Date: Wed, 10 Jul 2002 22:20:36 +0200
From: Andrea Arcangeli <andrea@suse.de>
To: Andrew Morton <akpm@zip.com.au>,
       Marcelo Tosatti <marcelo@conectiva.com.br>
Cc: linux-kernel@vger.kernel.org, "Carter K. George" <carter@polyserve.com>,
       Don Norton <djn@polyserve.com>, "James S. Tybur" <jtybur@polyserve.com>
Subject: fsync fixes for 2.4
Message-ID: <20020710202036.GA1342@dualathlon.random>
Mime-Version: 1.0
Content-Type: text/plain; charset=us-ascii
Content-Disposition: inline
User-Agent: Mutt/1.3.27i
Sender: linux-kernel-owner@vger.kernel.org
Content-Length: 8383
Lines: 208

At polyserve they found a severe problem with fsync in 2.4.

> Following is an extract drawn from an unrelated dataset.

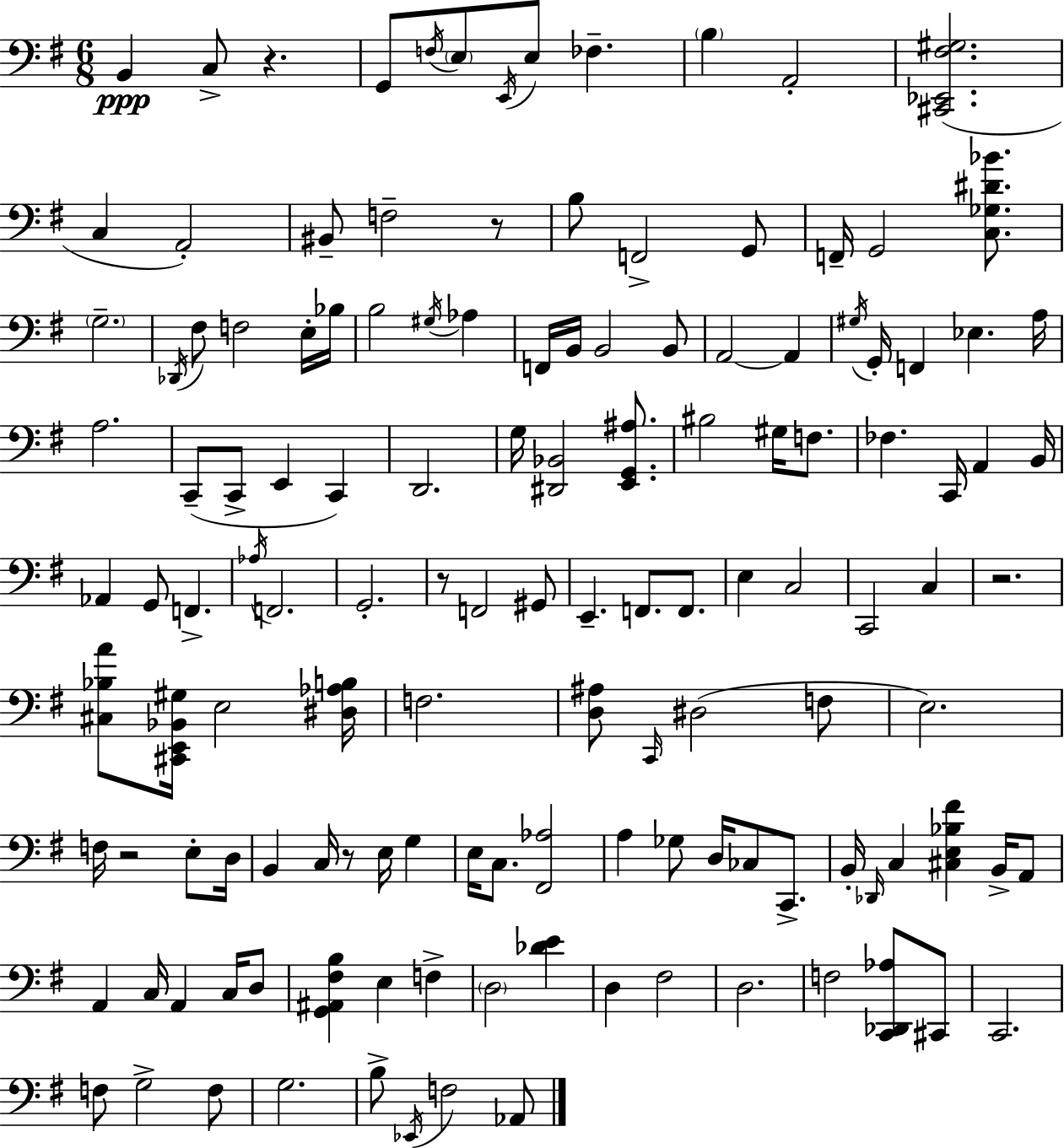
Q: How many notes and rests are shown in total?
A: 134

In short the write_buffer (ll_rw_block of mainline) is a noop if old I/O
is in flight. You know the buffer can be made dirty while I/O is in
flight, and in such case fsync would return without flushing the dirty
buffers at all. Their proposed fix is strightforward, just a
wait_on_buffer before the ll_rw_block will guarantee somebody marked the
bh locked _after_ we wrote to it. This may actually decrease performance
because we would wait in the middle of the flushes, but if the dirty
inodes are just getting written under us, probably bdflush/kupdate are
just keeping the I/O pipeline filled, and the wait_on_buffer blockage
shouldn't be a common case (don't see any difference in some basic
test, bandwitdth is fully used).  If it sorts out to be a problem with
my new infrastructure (see below) it should be easy to do the
ll_rw_block during the second pass.

The other part of the patch was related to the fact the whole fsync has
to be running inside the i_sem, so there cannot be writes, truncates or
other parallel fsyncs, but there can be writepages in background that
will mark the buffers dirty for example during get_block(create). So it
is also possible the buffer is marked dirty while it's in the private
tmp "fsync" list. The original patch according to the commentary was
trying to detect a dirty buffer during the second pass and to put it
back into the inode dirty list if it was dirty (using refile_buffer btw,
that won't do that and it was a noop in that sense), but that's not
needed because the insert_inode_queue functions are always reinserting
the bh into the inode, so as soon as the buffer will be marked dirty it
will go automatically back into the main inode dirty list. And as said
refile_buffer could do nothing like that anyways, so I just rejected
that part.

To make an example what will happen is that we flush the bh, so it's
only locked and we put it into the private local list. Then before we
wait on it in the second pass on the private local list, it is marked
dirty and it goes back into the inode list under us. but that's not a
problem because it's locked and we'll wait for it later in the expensive
third and last osync pass (this is also mentioned in the last commentary
for fsync_buffers_list). I guess either the osync third-pass or the
uncoditional rolling of the bh every time it's marked dirty are been
overlooked.

However I really didn't liked the unconditional rolling of the bh into
the inode list every time it is marked dirty, nor I liked the osync pass
that can generate indefinite wait of fsync, so I changed some bit in
that area also considering the bh->b_inode cannot change until somebody
runs remove_inode_queue(bh).

Now it should be a bit more efficient during writebacks (no cacheline
trahsing every time we overwrite a data or metadata bh just dirty in
cache) and we'll skip the osync pass. osync_buffers_list stays there in
case anybody will want to use it (even if it's not exported at this
time).  If "somebody" just submits the bh itself, so it only cares to
wait for locked buffers, and never to flush dirty buffers, he can use
the osync_buffers_list. See the inode.c comments in generic_osync_inode
to know why nobody is using it now (in short nobody is submitting the bh
directly, they just mark the bh dirty and then we write them during the
generic_osync_inode that calls ours fsync_buffers_list, that now is
smart enough not to need the expensive osync).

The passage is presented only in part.